What needs to be done - Write out every entry again exactly as it stands.
Start of Block
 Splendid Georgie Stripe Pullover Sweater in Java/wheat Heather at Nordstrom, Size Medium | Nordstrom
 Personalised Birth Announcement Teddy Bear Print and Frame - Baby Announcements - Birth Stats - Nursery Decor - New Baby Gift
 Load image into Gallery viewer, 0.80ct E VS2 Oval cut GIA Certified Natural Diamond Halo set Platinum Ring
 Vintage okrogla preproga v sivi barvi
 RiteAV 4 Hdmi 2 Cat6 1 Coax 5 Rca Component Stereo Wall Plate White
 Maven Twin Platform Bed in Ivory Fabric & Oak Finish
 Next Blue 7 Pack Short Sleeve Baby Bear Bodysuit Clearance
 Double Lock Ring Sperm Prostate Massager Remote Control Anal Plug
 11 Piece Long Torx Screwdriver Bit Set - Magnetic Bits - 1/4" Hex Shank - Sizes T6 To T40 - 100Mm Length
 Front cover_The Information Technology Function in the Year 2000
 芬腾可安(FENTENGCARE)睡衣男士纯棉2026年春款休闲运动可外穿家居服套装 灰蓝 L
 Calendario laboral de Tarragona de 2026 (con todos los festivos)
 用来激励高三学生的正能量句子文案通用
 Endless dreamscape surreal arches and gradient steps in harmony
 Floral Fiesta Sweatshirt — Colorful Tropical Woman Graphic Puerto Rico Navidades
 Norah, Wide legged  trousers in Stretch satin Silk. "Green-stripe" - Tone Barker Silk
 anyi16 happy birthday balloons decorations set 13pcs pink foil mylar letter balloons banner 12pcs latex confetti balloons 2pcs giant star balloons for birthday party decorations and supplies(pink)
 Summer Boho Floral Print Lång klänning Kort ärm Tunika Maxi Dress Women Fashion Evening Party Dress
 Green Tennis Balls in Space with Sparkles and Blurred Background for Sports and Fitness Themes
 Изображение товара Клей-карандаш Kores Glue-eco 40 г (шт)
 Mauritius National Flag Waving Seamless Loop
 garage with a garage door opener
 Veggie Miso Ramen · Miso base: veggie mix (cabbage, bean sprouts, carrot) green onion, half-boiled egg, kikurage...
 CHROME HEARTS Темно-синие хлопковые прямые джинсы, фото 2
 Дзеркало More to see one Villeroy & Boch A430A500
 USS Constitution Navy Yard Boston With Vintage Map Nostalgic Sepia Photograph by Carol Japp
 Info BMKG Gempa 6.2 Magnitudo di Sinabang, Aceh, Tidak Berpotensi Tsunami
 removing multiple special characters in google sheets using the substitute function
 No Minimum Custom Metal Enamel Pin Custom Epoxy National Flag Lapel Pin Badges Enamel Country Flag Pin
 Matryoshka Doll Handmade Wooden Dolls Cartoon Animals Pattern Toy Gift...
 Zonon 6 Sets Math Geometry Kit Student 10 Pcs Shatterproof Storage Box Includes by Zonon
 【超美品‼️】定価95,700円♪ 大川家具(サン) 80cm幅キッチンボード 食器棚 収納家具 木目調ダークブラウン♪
End of Block
Exercise answer -
 Splendid Georgie Stripe Pullover Sweater in Java/wheat Heather at Nordstrom, Size Medium | Nordstrom
 Personalised Birth Announcement Teddy Bear Print and Frame - Baby Announcements - Birth Stats - Nursery Decor - New Baby Gift
 Load image into Gallery viewer, 0.80ct E VS2 Oval cut GIA Certified Natural Diamond Halo set Platinum Ring
 Vintage okrogla preproga v sivi barvi
 RiteAV 4 Hdmi 2 Cat6 1 Coax 5 Rca Component Stereo Wall Plate White
 Maven Twin Platform Bed in Ivory Fabric & Oak Finish
 Next Blue 7 Pack Short Sleeve Baby Bear Bodysuit Clearance
 Double Lock Ring Sperm Prostate Massager Remote Control Anal Plug
 11 Piece Long Torx Screwdriver Bit Set - Magnetic Bits - 1/4" Hex Shank - Sizes T6 To T40 - 100Mm Length
 Front cover_The Information Technology Function in the Year 2000
 芬腾可安(FENTENGCARE)睡衣男士纯棉2026年春款休闲运动可外穿家居服套装 灰蓝 L
 Calendario laboral de Tarragona de 2026 (con todos los festivos)
 用来激励高三学生的正能量句子文案通用
 Endless dreamscape surreal arches and gradient steps in harmony
 Floral Fiesta Sweatshirt — Colorful Tropical Woman Graphic Puerto Rico Navidades
 Norah, Wide legged  trousers in Stretch satin Silk. "Green-stripe" - Tone Barker Silk
 anyi16 happy birthday balloons decorations set 13pcs pink foil mylar letter balloons banner 12pcs latex confetti balloons 2pcs giant star balloons for birthday party decorations and supplies(pink)
 Summer Boho Floral Print Lång klänning Kort ärm Tunika Maxi Dress Women Fashion Evening Party Dress
 Green Tennis Balls in Space with Sparkles and Blurred Background for Sports and Fitness Themes
 Изображение товара Клей-карандаш Kores Glue-eco 40 г (шт)
 Mauritius National Flag Waving Seamless Loop
 garage with a garage door opener
 Veggie Miso Ramen · Miso base: veggie mix (cabbage, bean sprouts, carrot) green onion, half-boiled egg, kikurage...
 CHROME HEARTS Темно-синие хлопковые прямые джинсы, фото 2
 Дзеркало More to see one Villeroy & Boch A430A500
 USS Constitution Navy Yard Boston With Vintage Map Nostalgic Sepia Photograph by Carol Japp
 Info BMKG Gempa 6.2 Magnitudo di Sinabang, Aceh, Tidak Berpotensi Tsunami
 removing multiple special characters in google sheets using the substitute function
 No Minimum Custom Metal Enamel Pin Custom Epoxy National Flag Lapel Pin Badges Enamel Country Flag Pin
 Matryoshka Doll Handmade Wooden Dolls Cartoon Animals Pattern Toy Gift...
 Zonon 6 Sets Math Geometry Kit Student 10 Pcs Shatterproof Storage Box Includes by Zonon
 【超美品‼️】定価95,700円♪ 大川家具(サン) 80cm幅キッチンボード 食器棚 収納家具 木目調ダークブラウン♪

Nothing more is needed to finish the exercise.